Personally, goprairie, I don't know what a 'kind and benevolent God' would or would not do. I know what I, as a human, would *think* he *ought* to do, but then my perspective as a human is rather shortsighted (i.e., finite) to say the least.
I don't know many of the religious persuasion that do not *do* in addition to praying. In fact, that is why most charities are run by people of religion.
Being human, we are all quite naturally selfish (in my opinion...this is 'original sin'...for it is at the root of nearly -if not all- 'wrongs'). Being selfish, humans must have a reason for *doing* good. A God who sees and judges what humans do provides that incentive to overcome 'sin'.
Unfortunately, with the lack of belief in an all-seeing, judging God, all becomes relative. There is really no good and no bad. There is little incentive to 'help others', donate to charities, or the like. In fact, the only real incentives for the godless are still selfish...that it 'makes me feel good', or that 'what goes around comes around', etc.
So, my conclusions are quite different from yours, goprairie.
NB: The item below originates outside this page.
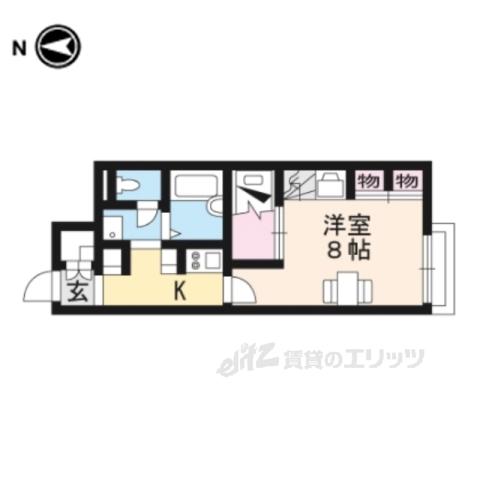 レオパレス宮司東(1K/2階)の間取り写真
I see that religion, especially religion involving an all-seeing, judging God provides the incentive to overcome one's sin of selfishness and *do* good rather than being apathetic due to a lack of belief that there is a God that can see whether we donate to charity or do anything 'good' at all...whatever 'good' or 'bad' even really mean without the framework of religion.
I've not thought much about an afterlife as this life, probably for similar reasons as I've not thought much about my retirement... I just never seem to get around to it :-)
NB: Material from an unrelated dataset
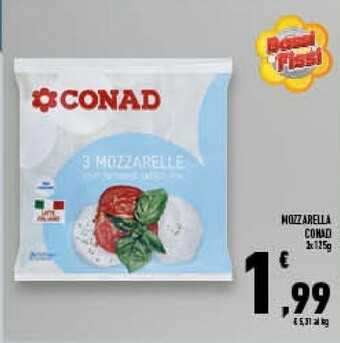 Conad Superstore Conad - Mozzarella 375 G(ml) offerta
But, yes, I agree with you that a God who requires that we believe in 'Him' sounds like someone who needs to work on handling their feelings of inadequacy and personally strengthen themselves so they can deal with rejection.
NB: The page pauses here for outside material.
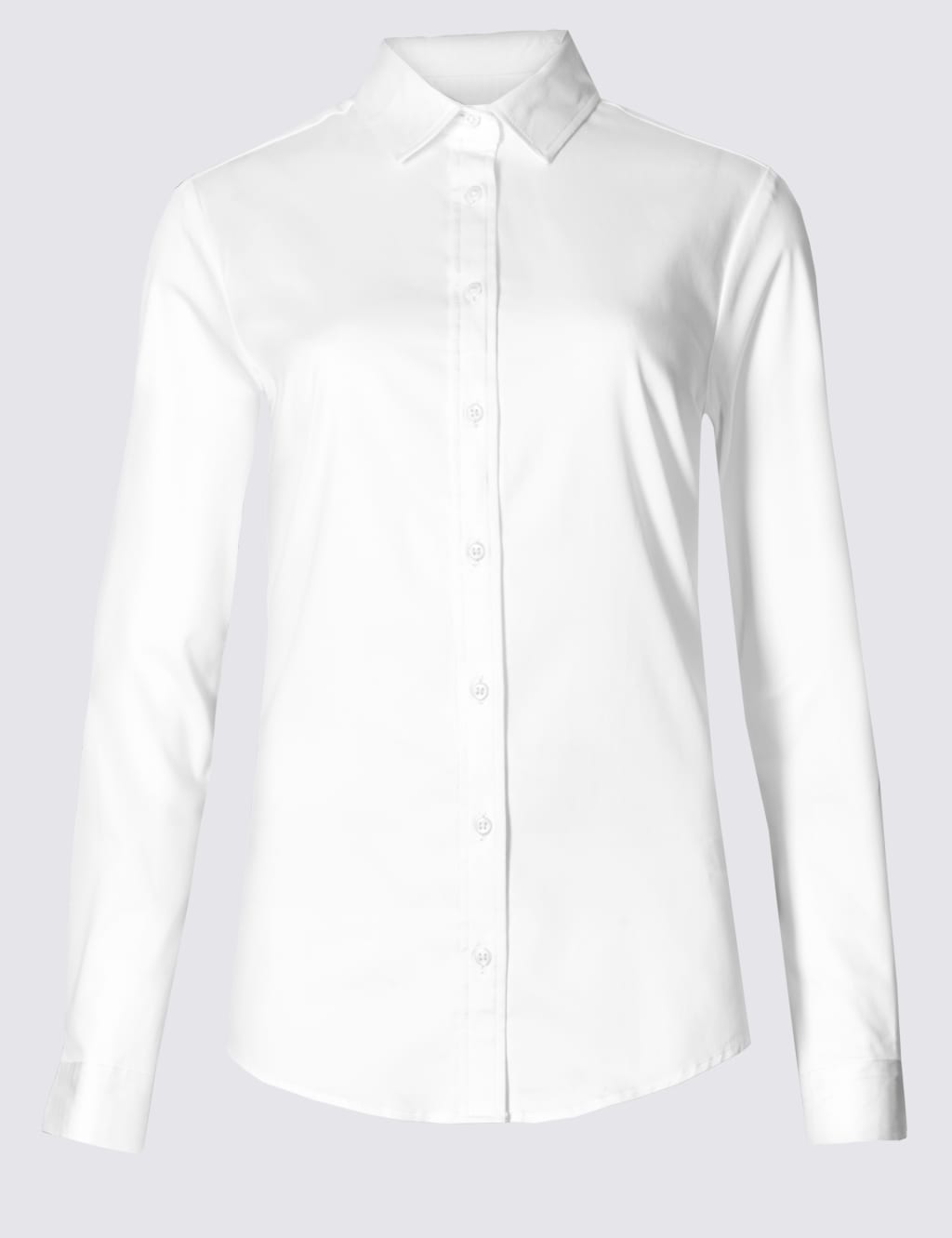 Cotton Rich Fuller Bust Long Sleeve Shirt 2 of 4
And, believe it or not, your statement that one should live as if there is no God is reminiscent of Bonhoeffer (who certainly believed there was one).
But I believe you've framed the issue wrong.
In my opinion, we humans have serious, serious problems with death and those events in life that are harbingers of death. Those serious problems cause us to act in dysfunctional ways that are destructive to ourselves, our neighbors and the natural environment.
Oh, that I could be a happy atheist (or, more precisely, naturalist) and simply go through life choosing between right and wrong with no particular predilection to either! :-)
But, as Augustine saw, the dice are loaded. The will that supposedly freely chooses is already fallen when it makes its “free” choice.
I believe that we, as humans, are no more able to make a “free” choice between an action that evidences a casual disregard for securing our lives over an action that seeks to preserve our lives at the cost of anything and everything else if necessary than a non-recovering alcoholic can make when they've got a bottle of liquor and they've already taken the first drink.
So, goprairie, I believe God in Christ is the solution to a problem, not the cause of it. If there were no God, we'd still be faced with the problem.
And whether we go to church on Sunday or sleep in, or what kind of retirement God has planned for us in the by-and-by, have very little to do with it.